2020 budget provides cafés a recipe for recovery

2020 budget cafés

The Morrison Government’s 2020-21 Budget has been called a “recipe for recovery” for more than 45,000 cafés, restaurants, and caterers across the country.

With hospitality one of the single largest employers of young people, the newly announced JobMaker Hiring Credit – which provides employers $200 per week for new employees aged between 16 to 29, and $100 per week for those aged between 30 to 35 – will reduce the costs of hiring new workers and will help businesses create more jobs.

Restaurant & Catering Australia (R&CA) CEO Wes Lambert says that initiatives include will save thousands of businesses from closure by stimulating demand from customers through personal tax cuts and giving businesses the right conditions to hire more workers and reduce losses borne as a result of COVID-19 restrictions.

“We know that demand to eat out is still high, so by putting $12.5 billion dollars back into the pockets of 11 million Australian taxpayers over the next 12 months, the government is doing its bit to stimulate demand across the Accommodation and Food Services Sector,” Wes says.

“Combine that with $1.2 billion committed for a 50 per cent wage subsidy for new apprentices and trainees under the Boosting Apprenticeship Commencements program and the newly announced JobMaker Hiring Credit, which will help thousands of hospitality businesses bring back the young employees that were lost due to the pandemic, and there is a real recipe for recovery.

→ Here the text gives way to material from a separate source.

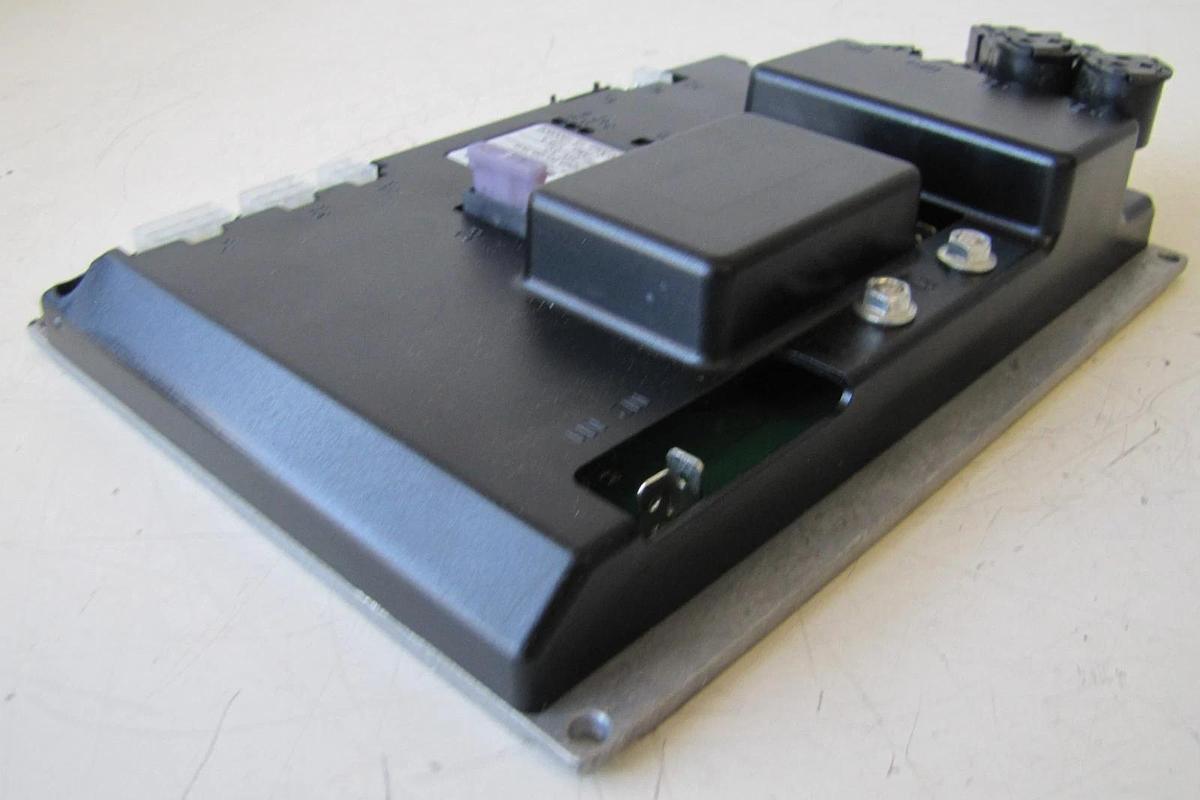 Used Nilfisk Advance Main Controller 9100000879 for Scrubber SC500 20R B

R&CA also welcomed new announcements relating to loss carry backs, full expensing, and the expansion of small business tax incentives as an economic jump-start for businesses that have been struggling under mounting costs and debt throughout the pandemic.

“For many hospitality businesses that were previously profitable, being able to access their losses now in the form of a cash refund will give an instantaneous cash-flow boost,” Wes says.

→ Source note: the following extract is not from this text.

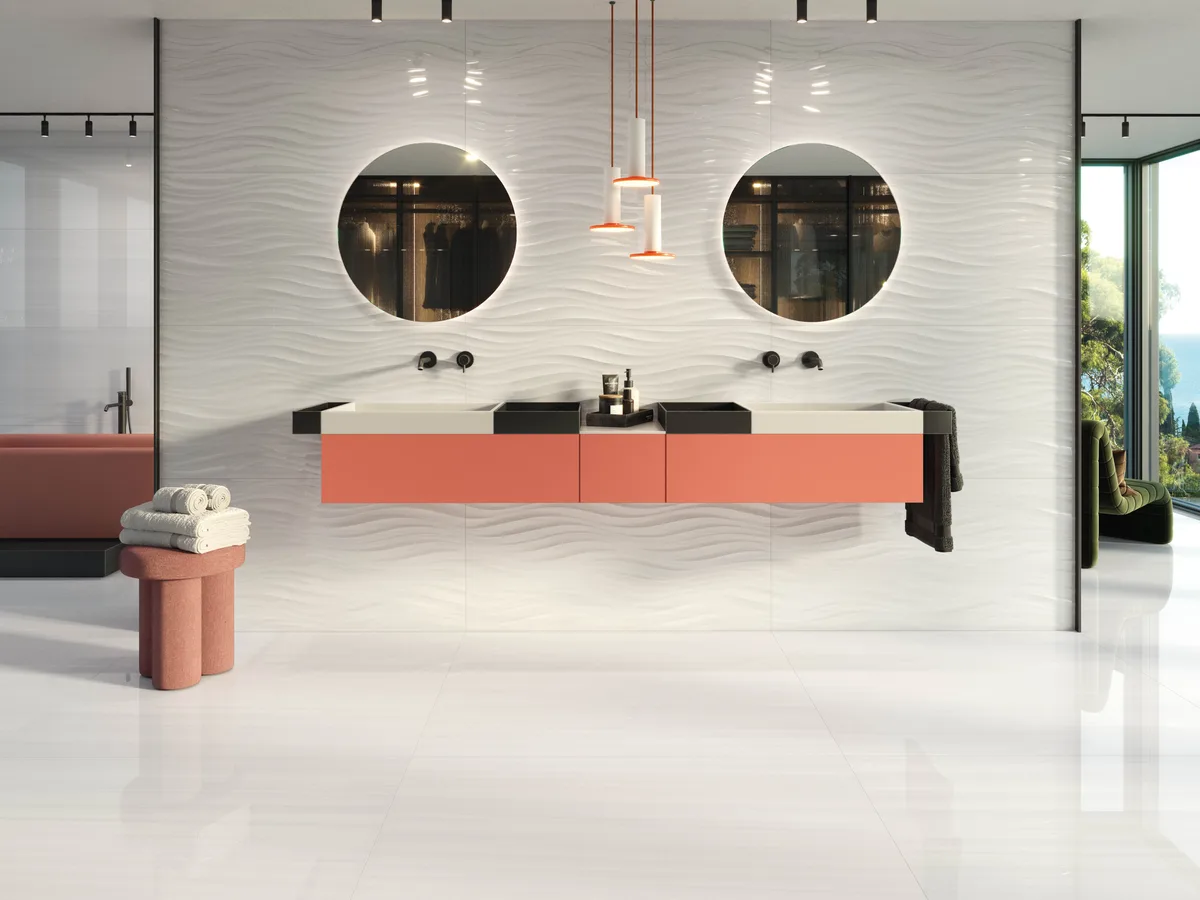 Odyssey Bianco en un ba&ntilde;o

“The expanded small business incentives will also help those businesses that sit above the $10 million cut-off to access those incentives for the first time. As these businesses seek to recover, the introduction of temporary full expensing will further encourage businesses to invest and create jobs.”

R&CA also highlighted the importance of new funding to help small businesses and a simpler and cheaper insolvency process in cushioning the blow for many small business owners across the country.

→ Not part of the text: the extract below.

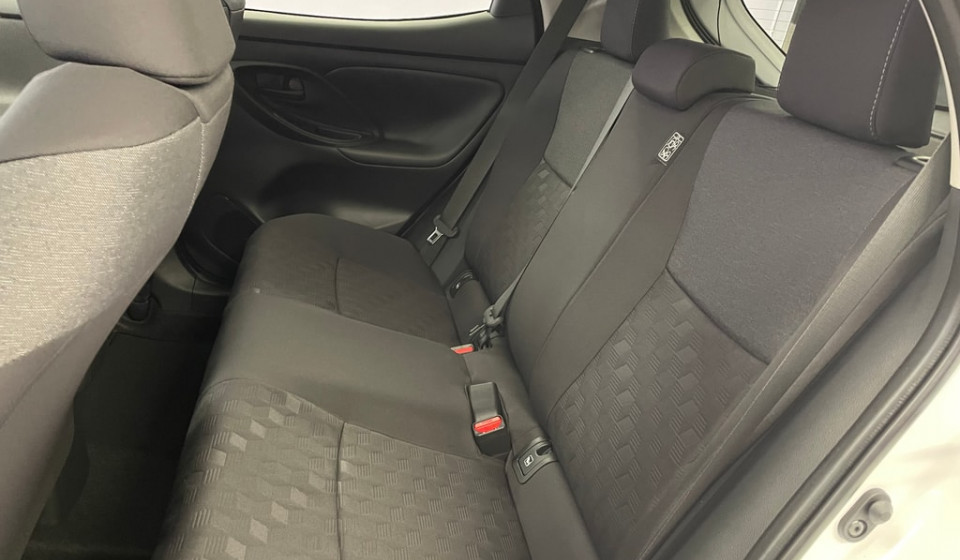TOYOTA Yaris Hybrid 1.5 Trend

“We know that COVID will sadly cause many small hospitality business across Australia to close, so providing specialised funds to help these businesses grapple with a new digital world, help them deal with the rapid financial, emotional and operational changes brought about by the COVID crisis or help them wind up faster is an important and necessary problem that should be addressed,” Wes says.

R&CA adds that a significant boost to Tourism Australia’s Budget to help stimulate international, domestic, and regional tourists, as well as business events, will be vital in ensuring the broader accommodation and food services sector can land on its feet.